**Provided data:**
········

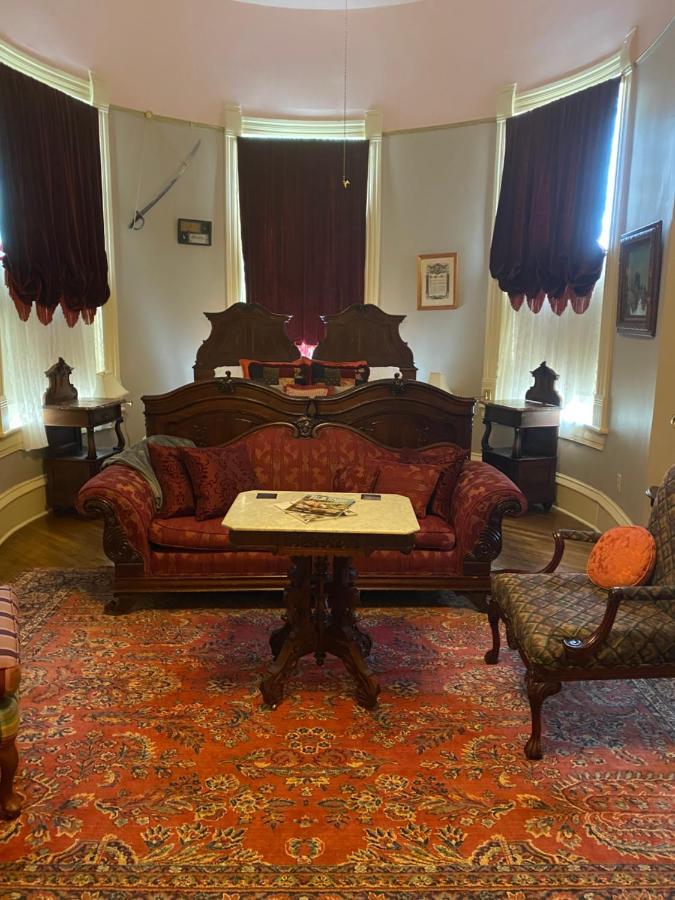 The Empress Of Little Rock Bed & Breakfast Bagian luar foto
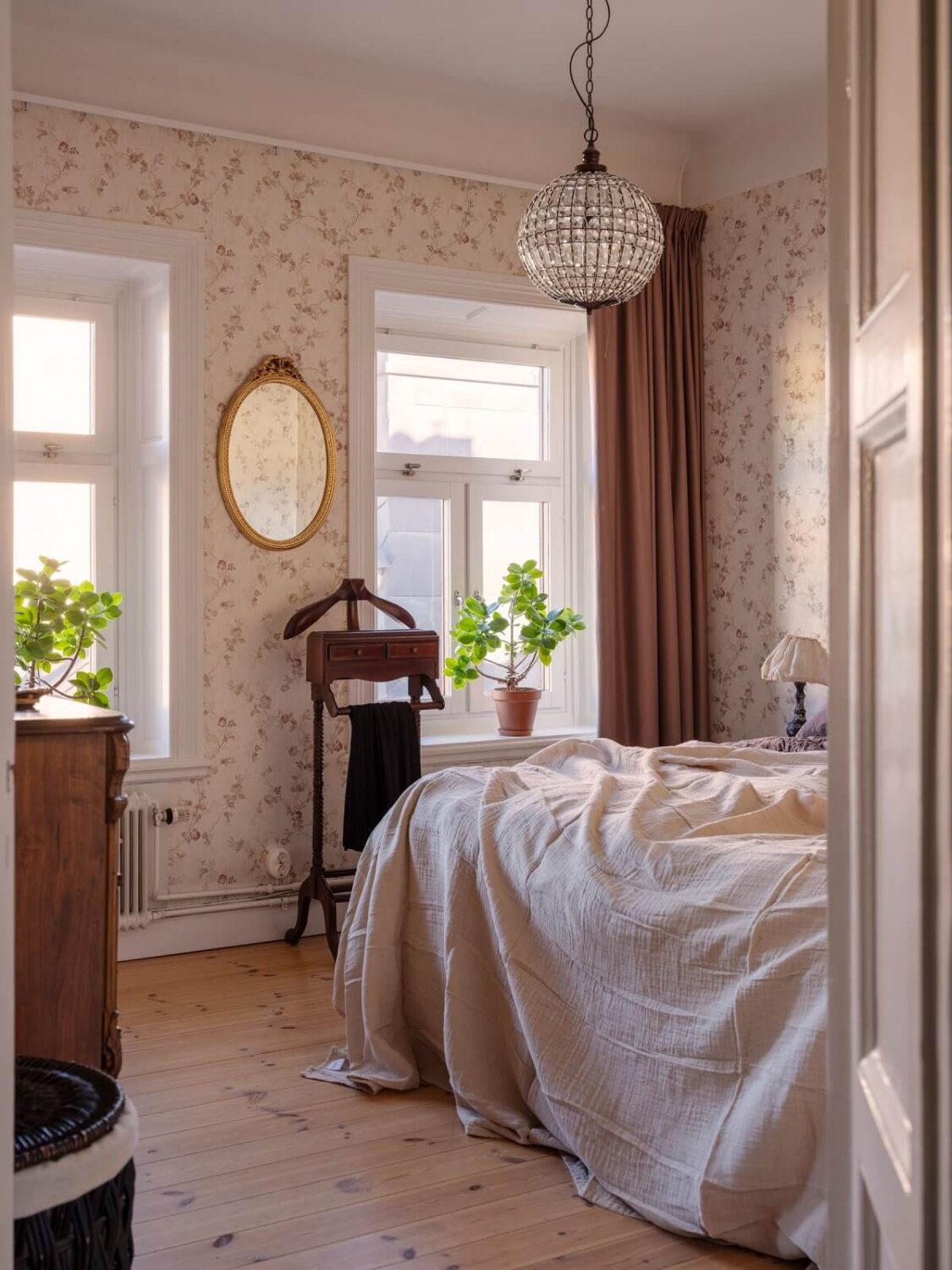 A Classic Swedish Apartment Decorated in Green and Pink Tones 22 light bedroom with wallpaper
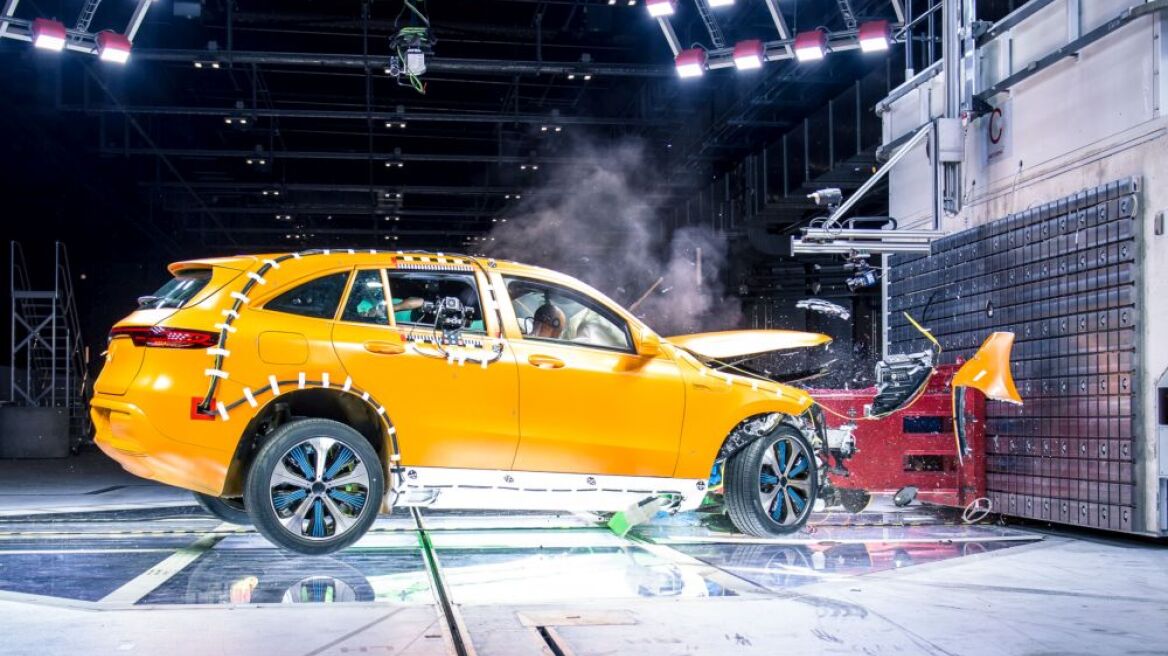 Video: 60 χρόνια crash tests για τη Mercedes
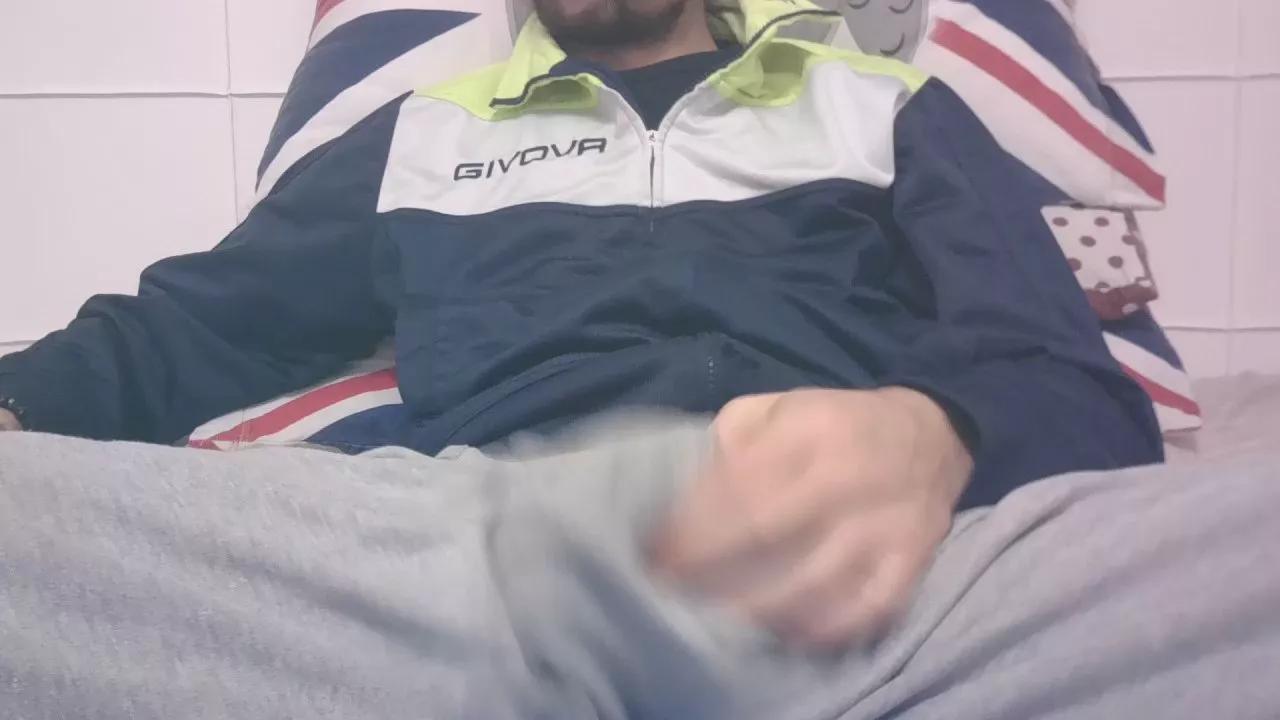 Roshy7 on Cam4 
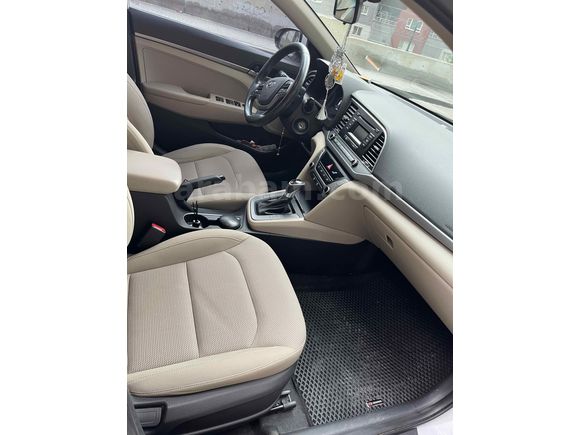 Sahibinden Hyundai Elantra 1.6 CRDi Style Plus 2017 Model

········

**What is needed:** Your copy of the listing should match it exactly, apart from the pictures, which are left out.

**Exercise result:**
 The Empress Of Little Rock Bed & Breakfast Bagian luar foto
 A Classic Swedish Apartment Decorated in Green and Pink Tones 22 light bedroom with wallpaper
 Video: 60 χρόνια crash tests για τη Mercedes
 Roshy7 on Cam4 
 Sahibinden Hyundai Elantra 1.6 CRDi Style Plus 2017 Model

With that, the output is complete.